The country is suffering from extreme inflation, with price increases running at 100,000 per cent a year, the highest rate in the world. One million Zimbabwean dollars are currently worth around one penny, and shops often raise prices several times a day.
In an apparent attempt to create a feelgood factor among his suffering voters ahead of Saturday's elections, Mr Mugabe has ordered prices to be returned to their levels of February 12, the date when teachers and other state workers received pay rises.
"We are going to read the riot act to them (businesses)," Mr Mugabe told a political rally yesterday in Hwange, in the north-west of Zimbabwe, according to the state-run Herald newspaper.
"We want them to reduce prices to those which were in effect before the salary hikes."
The President said that he would threaten businesses with nationalisation if they did not comply.
"We are meeting with them in Harare... If they refuse, we will also not co-operate. We are going to use the Indigenisation and Empowerment Act, which stipulates that all companies, be they mines or manufacturing companies, with foreign ownership, without black shareholders or with black shareholders without a majority, should have at least 51 per cent of shares reserved for indigenous people."
Mr Mugabe says that the price increases are part of a plot by opposition activists to discredit his ruling Zanu-PF party. He accuses Britain and other Western powers of funding the opposition.
His critics retort that he has mismanaged the Zimbabwean economy and has no solutions for an crisis of his own making, in a country that was once one of the most solvent in Africa and a major exporter of food.
Now, farm production has plummeted and the Zimbabwean currency is too weak to allow the government to buy from abroad.

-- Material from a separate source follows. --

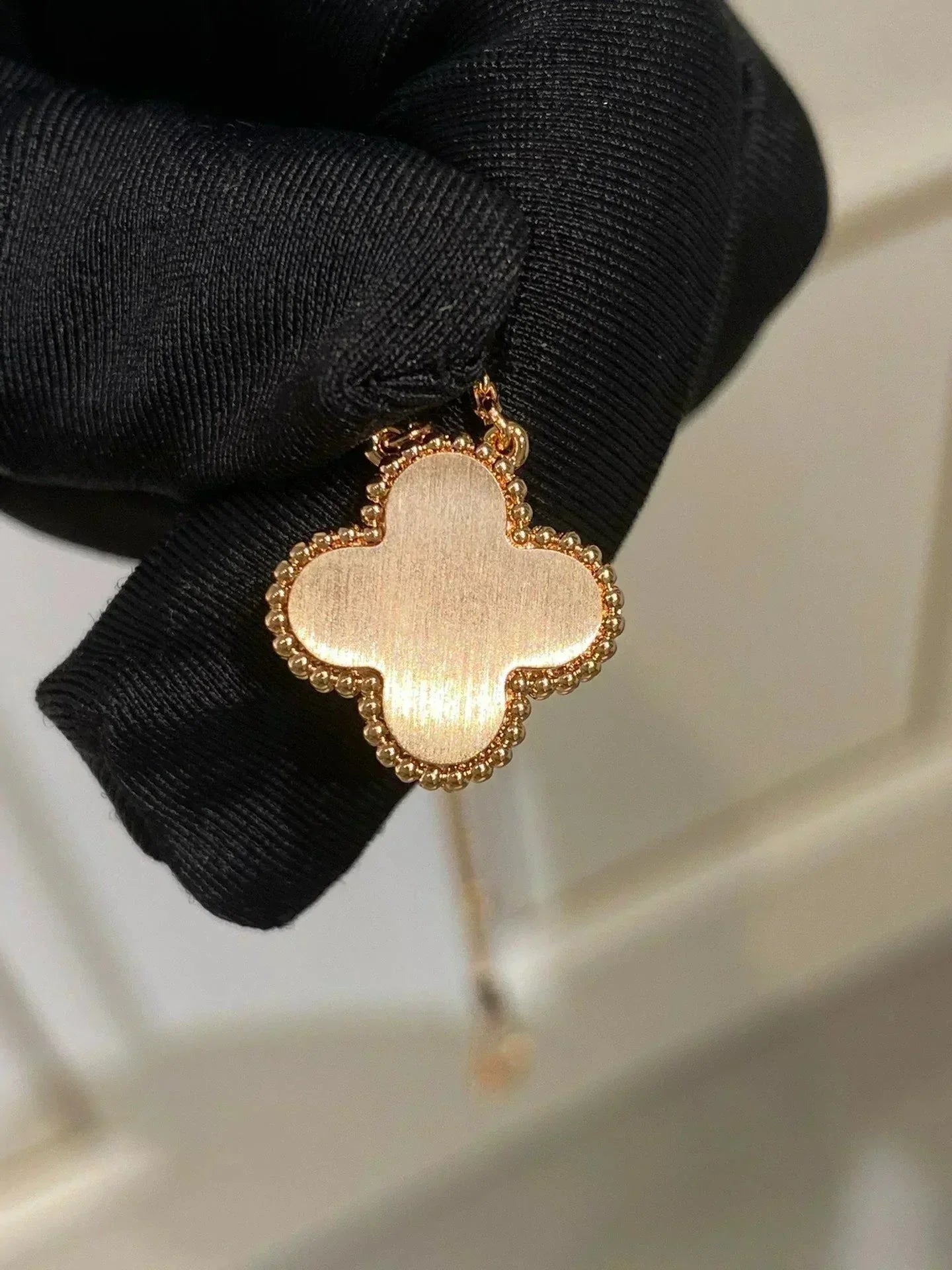 [LUXORA]CLOVER 15MM DIAMOND RHODONITE NECKLACE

The last time that Mr Mugabe attempted to intervene was last June, when he demanded that the price of bread and other goods and services should be halved. The move was welcomed at first by Zimbabweans, but was soon seen as having backfired when supermarket shelves quickly emptied and were not restocked.
In the ensuing crackdown more than 12,000 shopkeepers and manufacturers were arrested.
Mr Mugabe, 84, who has been in power since 1980, hopes to win a sixth term of office in Saturday's general election. He is being challenged by Simba Makoni, his former finance minister who has quit Zanu-PF to run as an independent, and by Morgan Tsvangirai, the leader of the Movement for Democratic Change. All the candidates have promised to end Zimbabwe's economic crisis.
Opposition leaders have accused Mr Mugabe of trying to buy the election, by handing out equipment to poor black farmers at election rallies and inaugurating new public buses at Zanu-PF campaign events.